El abogado joven sin causas, el médico joven sin clientes, son las dos encarnaciones más características de la desesperación decente, sobre todo en la ciudad de París, esa desesperación fría y callada, que se arropa en un traje negro de costuras grisáceas cuyo color recuerda al cinc de las buhardillas, en un chaleco de raso brillante, un sombrero tratado con la máxima veneración, guantes viejos y camisas de calicó. Todo un poema de tristeza, sombrío como los secretos de la Conserjería[148]. Las otras miserias, la del poeta, la del artista, la del comediante, la del músico, se ven alegradas por la jovialidad propia de las artes, por la despreocupación de la bohemia, que es lo que primero se conoce y que lleva a las tebaidas del genio. Pero estos dos atuendos negros que van a pie, llevados por dos profesiones para las cuales el mundo no es más que una llaga, a las que la humanidad sólo muestra sus aspectos vergonzosos; estos dos hombres, en sus duros comienzos, tienen expresiones siniestras, provocantes, en las que la ambición y el odio concentrados asoman a una mirada parecida a los primeros chisporroteos de un conato de incendio. Cuando dos amigos de colegio se encuentran, a veinte años de distancia, el rico evita a su camarada pobre, no le conoce, se asusta de los abismos que el destino ha puesto entre ellos. El uno ha recorrido la vida cabalgando los briosos caballos de la fortuna o sobre las doradas nubes del éxito; el otro ha caminado por el subsuelo de las sentinas parisientes y lleva sobre sí este estigma. ¡Cuántos antiguos amigos esquivaban al doctor al ver el aspecto de su levita y de su chaleco!

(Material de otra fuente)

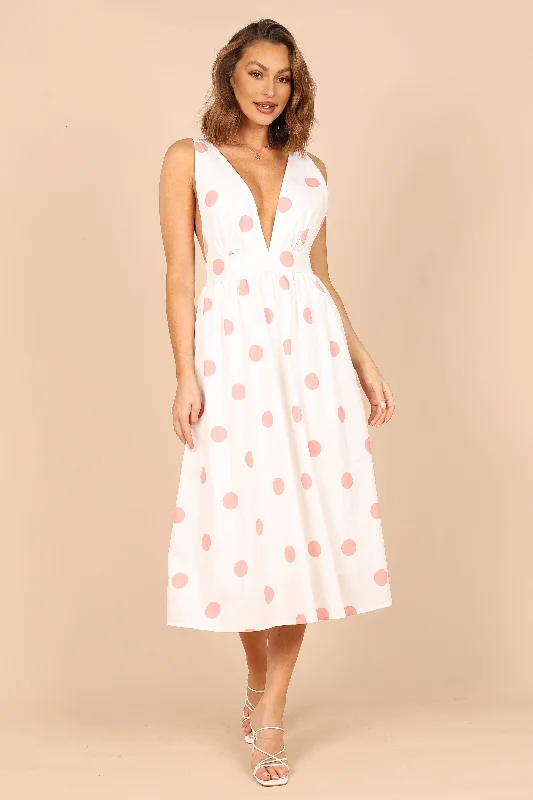 Ulmer Dress - Pink Spot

Ahora es fácil de comprender cómo el doctor Poulain había desempeñado tan bien su papel en la comedia de la gravedad de la Cibot. Todas las codicias, todas las ambiciones, se adivinan. Al no encontrar ninguna lesión en ningún órgano de la portera, al admirarse de la regularidad de su pulso, la perfecta ligereza de sus movimientos, y al oírla poner el grito en el cielo, comprendió que tenía interés en hacerse pasar por moribunda. Como la rápida curación de una enfermedad fingida haría que se hablase de él en el distrito, exageró la supuesta quebradura de la Cibot, y dijo que todo se resolvería atajando el mal a tiempo. Aplicó a la portera unos pretendidos medicamentos y la sometió a una fantástica operación, todo lo cual se vio coronado con pleno éxito. Buscó en el arsenal de las curaciones extraordinarias de Desplein un caso singular, atribuyó modestamente el éxito al gran cirujano y se contentó con declararse su imitador. Así son las audacias de los principiantes en París; todos los medios de medrar les parecen buenos; pero como hasta los barrotes de estas escaleras se gastan, los principiantes de cada profesión ya no saben dónde apoyar el pie para auparse un poco más y destacar. Cada vez más, el parisiense es refractario al éxito. Cansado de elevar pedestales, se enfurruña como los niños mimados, y ya no quiere más ídolos; o, para decir la verdad, a veces faltan personas de talento que susciten su entusiasmo. La ganga de donde se extrae el genio también tiene sus huecos; entonces el parisiense se hace esquivo, no siempre quiere dorar o adorar a las medianías.